# Instant Replay



## adocilesloth (Oct 22, 2017)

adocilesloth submitted a new resource:

Instant Replay - Plugin to facilitate Instant Replays in live streams

*Instant Replay OBS Studio*
This plugin is designed to provide the ability to add Instant Replays into a live stream.
It's effectively a combination of the "Automatic Scene Switching" and "Per Scene Volume" (from OBS Classic) plugins to allow instant replays in live streams.

It's designed to work along side a Stinger Transition, but it will function with cuts or fades or what have you.

*An example:*





*Settings (Tools -> Instant Replay Settings):*





Fill out the settings as desired.

Enable - Enables/disable the plugins
Write Pause (s) - Pause to allow OBS to write the replay file. OBS can't instantly write a file. ~10 seconds should be okay. Find something that works for you
Transition Pause (ms) - Length of the transition in milliseconds. If the stinger is at 30fps, multiply the number of frames by 33. If the stinger is at 60fps, multiply the number of frames by 16.
Replay Length (s) - Length of the replay in seconds.
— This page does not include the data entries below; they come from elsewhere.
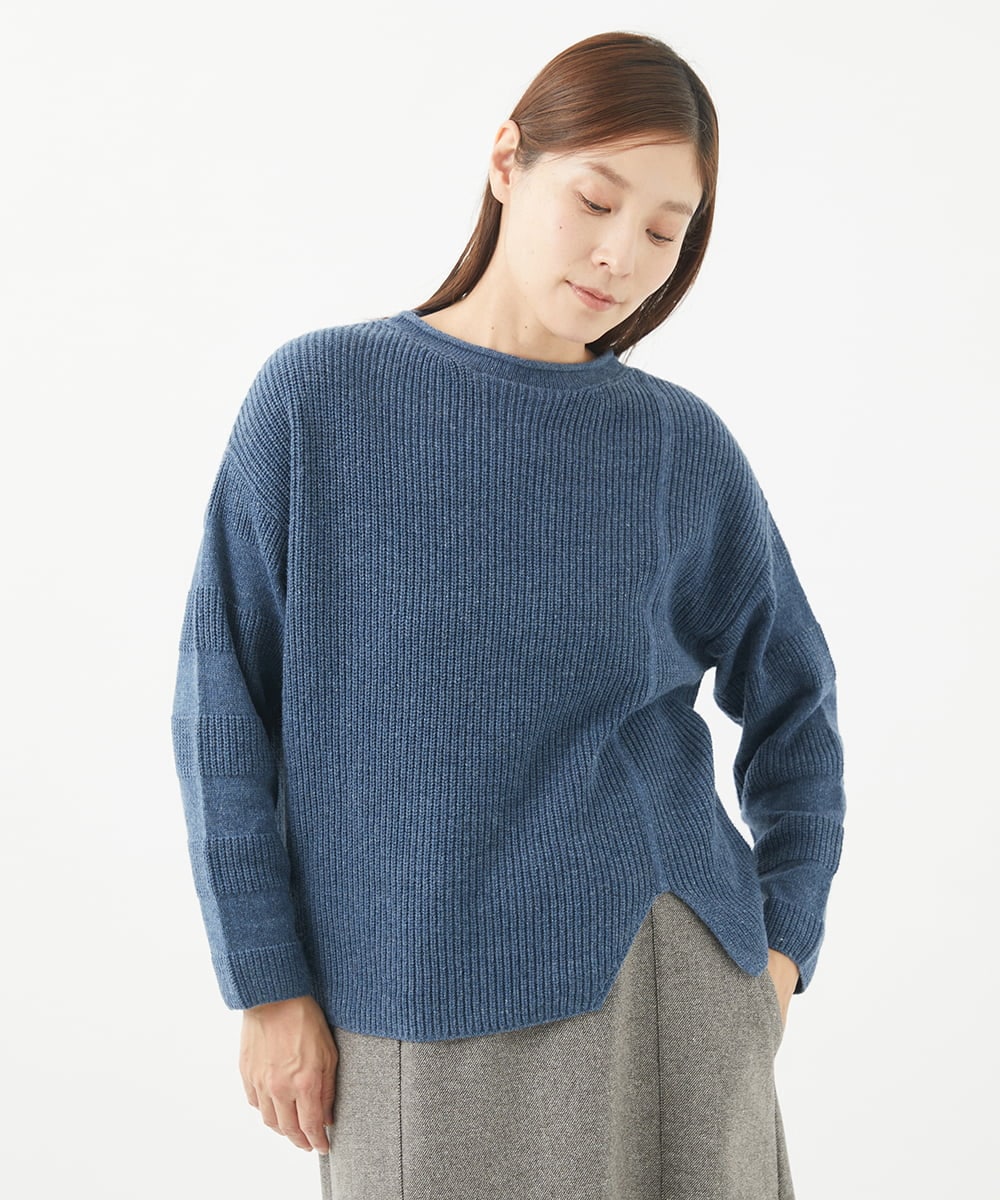 NGFEA20190 GIANNI LO GIUDICE(ジャンニ ロ ジュディチェ) [洗える]ファンシーカラーニット ネイビー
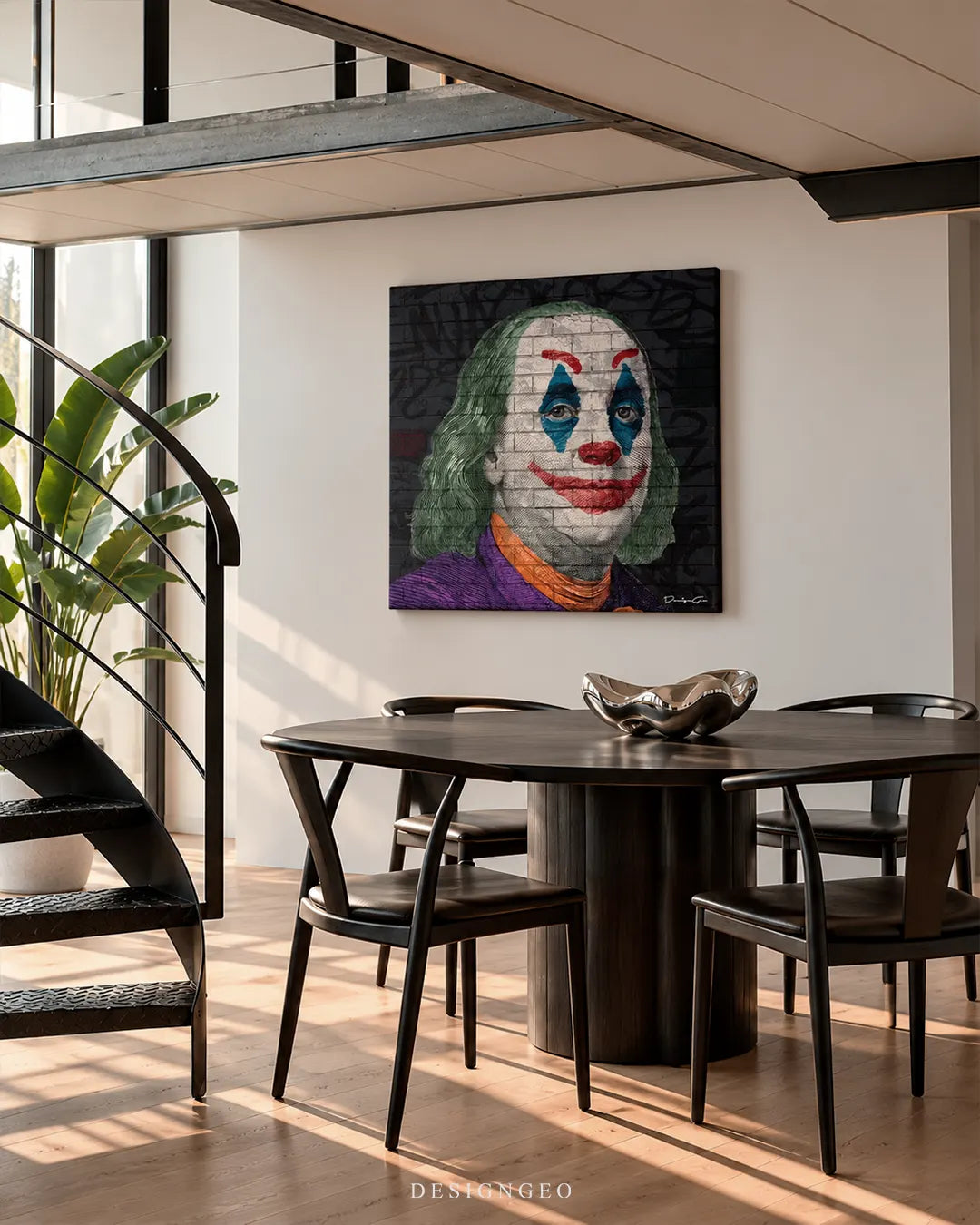 The Great Joke Joker Benjamin Franklin brick wall graffiti square canvas wall art mounted on white wall in modern dining room above round black wooden table 0.75 inch thin wrap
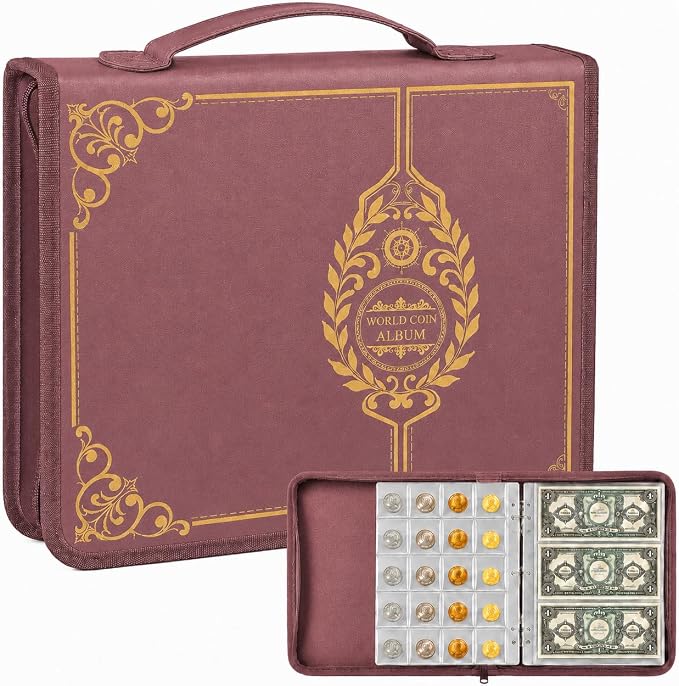 Coin Collection Book Holder for Collectors, 200 Pockets Collecting Album& 30 by Ankhohstoragehardcase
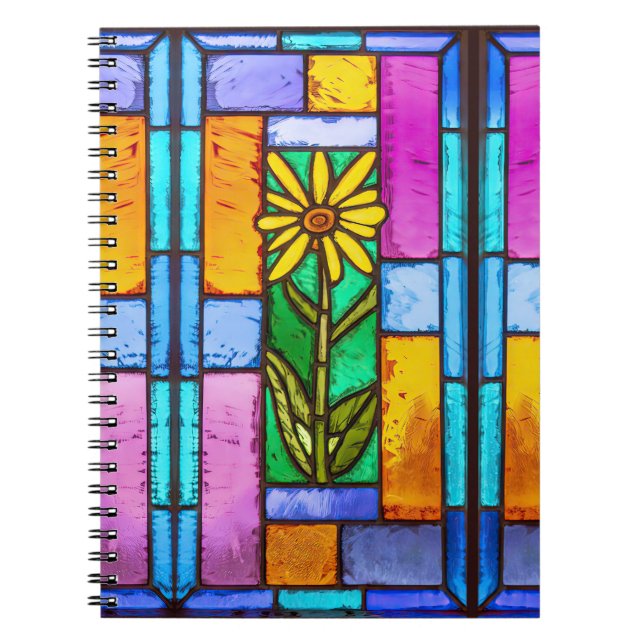 Hartglas Yellow Daisy Notizblock (Vorderseite)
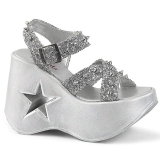 Silver 13 cm Demonia DYNAMITE-02 lolita sandaler med kilklack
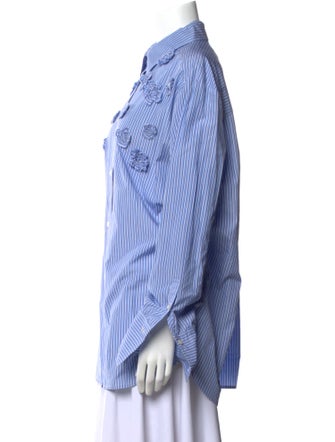 CÂLLAS MILANO Striped Long Sleeve Button-Up Top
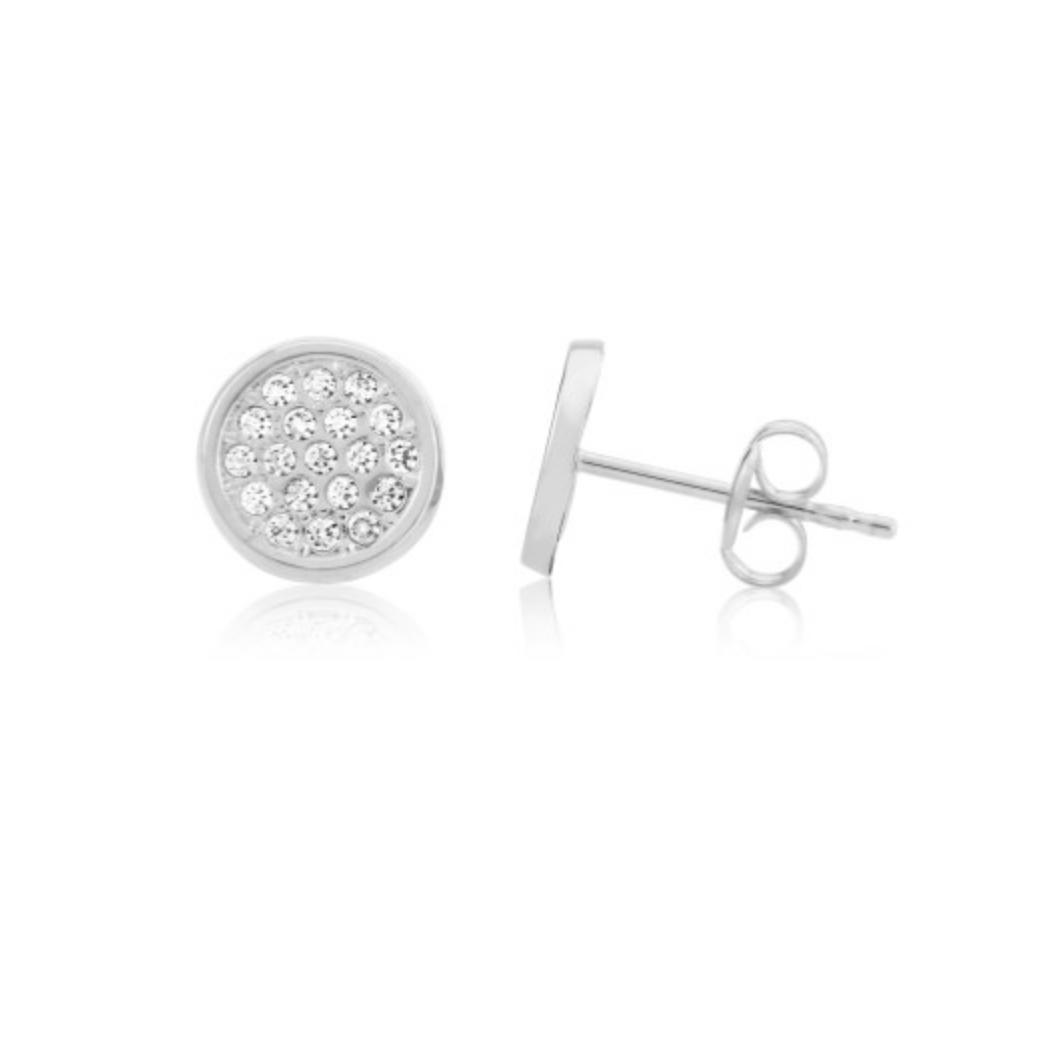 9ct White Gold Pavee Cubic Zirconia Earrings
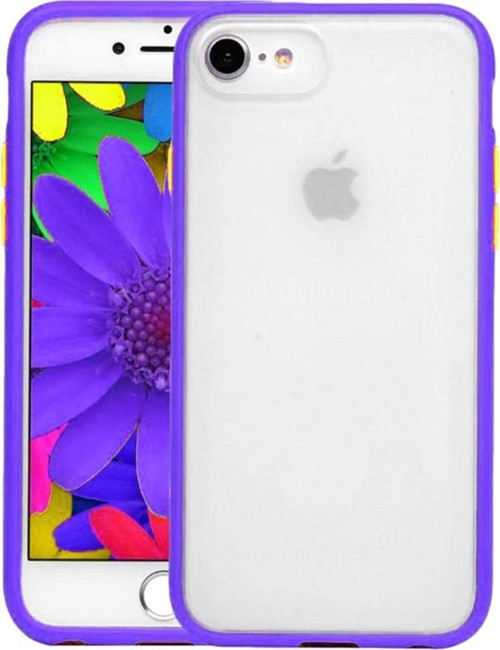 Apple iPhone SE 2020 Kılıf Silikon Kenarlı Düğmeleri Renkli Mat Arka Kapak - Mor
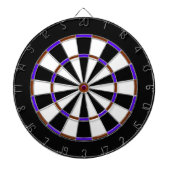 Dartboard aus weißem, schwarzem, braunem und blaue dartscheibe (vorne)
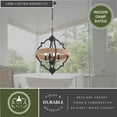 thumbnail image 5 of Beaumont 4L Gray and Natural Rope Farmhouse Cage Pendant Light, 5 of 9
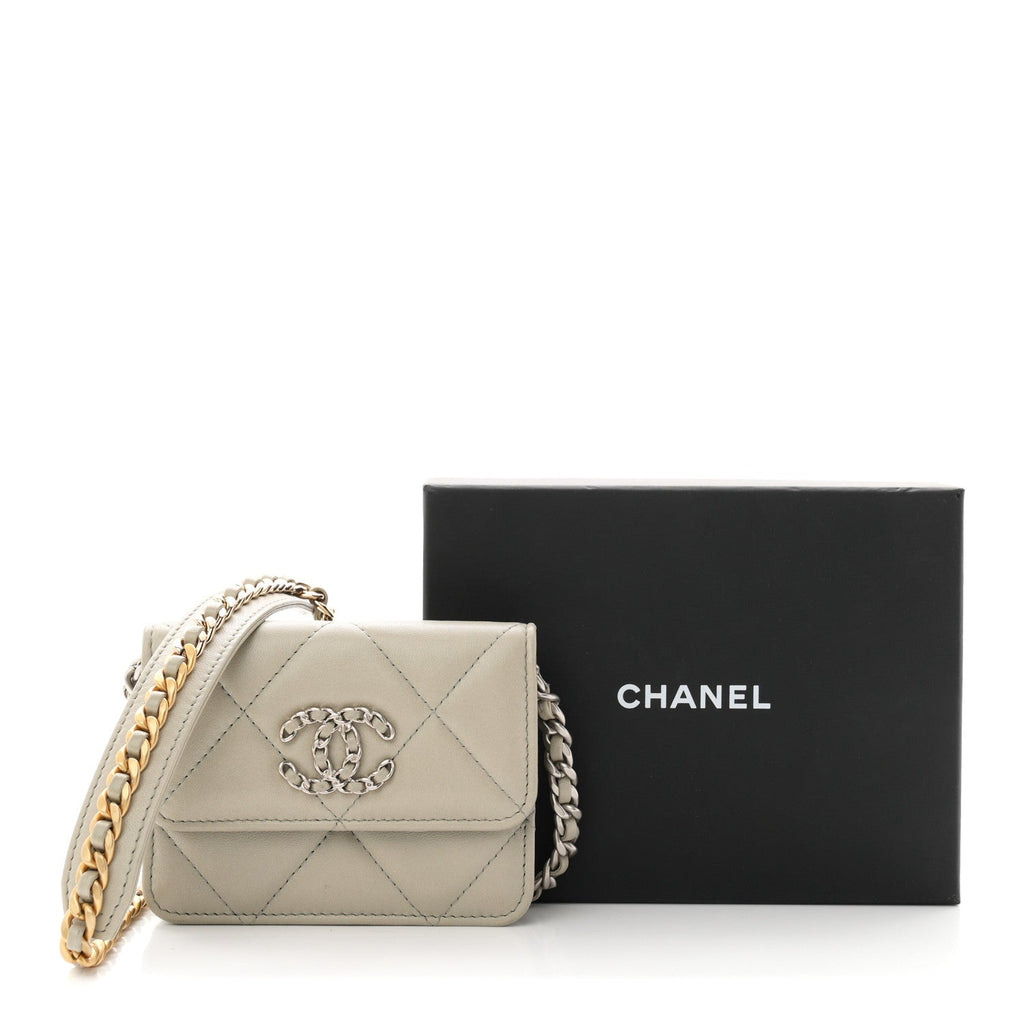 Lambskin Quilted Chanel 19 Flap Coin Purse With Chain Grey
OBS does not always write as much replay as you tell it to so this may need to be a second or two shorter than the buffer length.
Replay Scene - Scene to switch to that has the replay source.
Mute Desktop Audio - Mute the Desktop Audio channels when replay is playing.
Mute Mic/Aux - Mute the Mic/Aux channels when replay is playing.

Hotkey (Settings -> Hotkeys):



Find the "Instant Replay" hotkey (highlighted above in red). Set it *TO THE SAME KEY* as you have "Save Replay" (highlighted in orange).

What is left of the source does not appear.